If multiple jobs are at risk of dismissal, you should also discuss the selection criteria with your employer so that you know how you compare to other dismissed people.

3 – Clarify your severance payment

Be sure to ask during the consultation for a breakdown of your severance pay, if you should be dismissed, how it was calculated.

Also, check your employment contract and any company policies to determine whether you should receive severance pay beyond the statutory amount.

Keep in mind that if you were on vacation your salary may have been impacted prior to a possible layoff, but this will not affect your layoff payment.

Your full normal salary should be used in calculating the severance payment, but this is subject to a legal limit. If you think your severance payment was not calculated correctly, you should seek advice from a lawyer.

In the event of a dismissal, you are not only entitled to the severance payment, but also the accrued but unused vacation, the termination benefit in the case of a severance payment and all other amounts owed to you by your employer.

4 – Use your notice period to look for a new job

If you are made redundant, do not wait until the end of your notice period (if you are required to do so) to plan your next steps. During your notice period, you are entitled to adequate time off to look for a new job and to attend interviews. Your employer should be aware of this, but if not, it is important that you emphasize your rights as an employee.

Remember that your employer has a duty to offer you suitable alternative employment if vacancies are available. This is an ongoing requirement and should therefore be checked regularly during your notice period as well as throughout the consultation.

If you manage to secure a new job during your notice period, you have the opportunity to speak to your employer at any time and check whether he agrees to waive the remaining notice period so that you can start this new position early if this is something you would like to do.

However, if your employer does not agree, you are contractually obliged to work for the full duration of your notice period.
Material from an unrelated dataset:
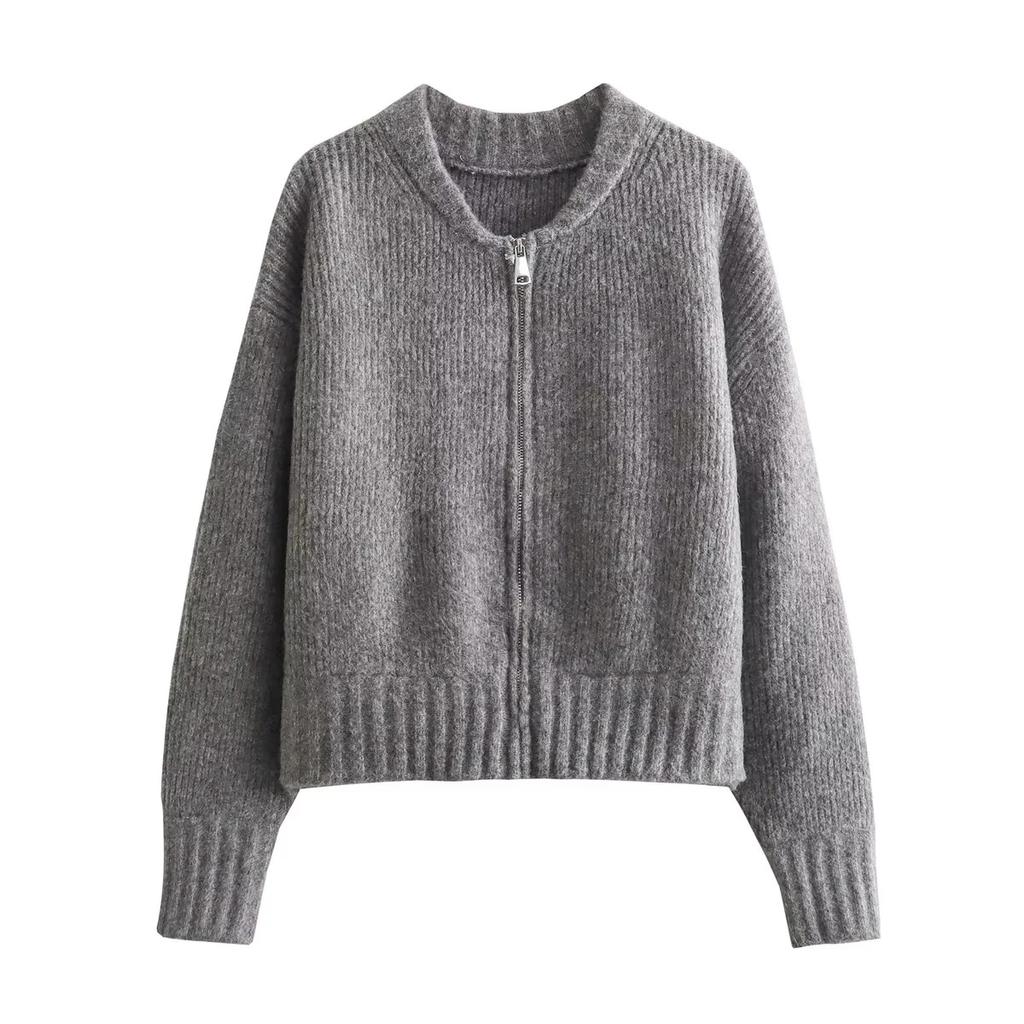 In-stock Gray Zip-up Sweater for Women, 2024 Autumn/winter Casual Elegant Commuter Long-sleeve Knit Cardigan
You don’t have to suffer in silence when struggling with your mental health. Here are a few groups you can contact if you need help:

Samaritans: Phone 116 123, 24 hours a day, or email [email protected], in confidence

Children’s telephone: Telephone 0800 1111. Calls are free and do not appear on your bill

PAPYRUS: A voluntary organization that supports suicidal adolescents and young adults. Telephone 0800 068 4141

Depression Alliance: A charity for people with depression. Not a hotline, but has useful resources and links to other information on his website

Students Against Depression: A website for students who are depressed, in a bad mood, or at risk of suicide. click here to visit

Bullying UK: A website for bullying children and adults. click here

Campaign Against Living Miserably (CALM): For young men who feel unhappy. Has a website here and a hotline: 0800 58 58 58

5 – If necessary, seek professional help

If you feel you have been treated unfairly during a dismissal process, you should consider speaking to a legal professional who can clarify the situation with you.

Such treatment could be because you were wrongly selected for discharge, the discharge process itself was not conducted fairly, or you do not have the right to appeal the decision to discharge you.

There are a number of free services that you can turn to and people are available to give you the assistance you need.